The 2011 production by Passion 99 International Movie Co tells the story of a young male college student who longs for romance but who has difficulty meeting women.
Although the story seems innocuous, the question-and-answer session that follows is a textbook example as to why religious groups should be kept out of the public school system, reports taipeitimes.com.
Democratic Progressive Party Legislator Tuan Yi-kang wrote on his Facebook page that at the end of the screening to an estimated 700 eighth grade students, the film’s lead actor appeared in front of the assembled children and “confessed” to taking the wrong path, a reference to being gay.
Finding god, he added, set him on the right path, and that is he was cured of his same-sex orientation. He concluded the session by telling the students to lower their heads and pray.
The lawmaker says he learned of the incident following outrage by parents that the school had signed off on the film and discussion.
Tuan said such schools should be responsible for teaching students to respect diversity but instead allowing anti-gay propaganda.
“Imposing a certain standard for one’s sexual orientation is torturous for gay students,” he said. “The school should not try to forcefully change a student’s sexual orientation.”
Ironically, Lin Tsai-jui, principal of Jieshou Junior High School said that the film was part of the school’s gender equality education and that the movie enables students to see that there are many kinds of options in life.
“Appealing to diversity of opinion to allow discrimination in the schools is a slap in the face for education,” the report says.

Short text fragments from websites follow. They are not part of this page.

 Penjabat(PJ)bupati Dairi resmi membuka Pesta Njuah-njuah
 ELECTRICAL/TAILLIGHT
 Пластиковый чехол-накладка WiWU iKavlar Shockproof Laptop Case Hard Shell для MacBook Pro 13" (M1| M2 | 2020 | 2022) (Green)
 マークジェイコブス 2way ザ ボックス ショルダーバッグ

The Ministry of Education earlier this week celebrated the 10th anniversary of the enactment of the Gender Equity Education Act but various state education agencies are headed by members linked to homophobic religious groups.
According to Passion 99’s blog, the movie was played at dozens of schools, from primary and secondary schools to universities.
Passion 99 is fully funded by Passion 99 Harvest Church, a conservative Christian organization that is active in anti-gay demonstrations.
Allowing such vested anti-gay information into the state school system raises questions about the separation of religion and the state, the taipeitimes.com report said.
It pointed out that Article 6 of the Education Basic Act clearly states that public schools shall not engage in promotional activities for any religion or belief nor force administrative personnel, teachers or students to participate in any religious activity.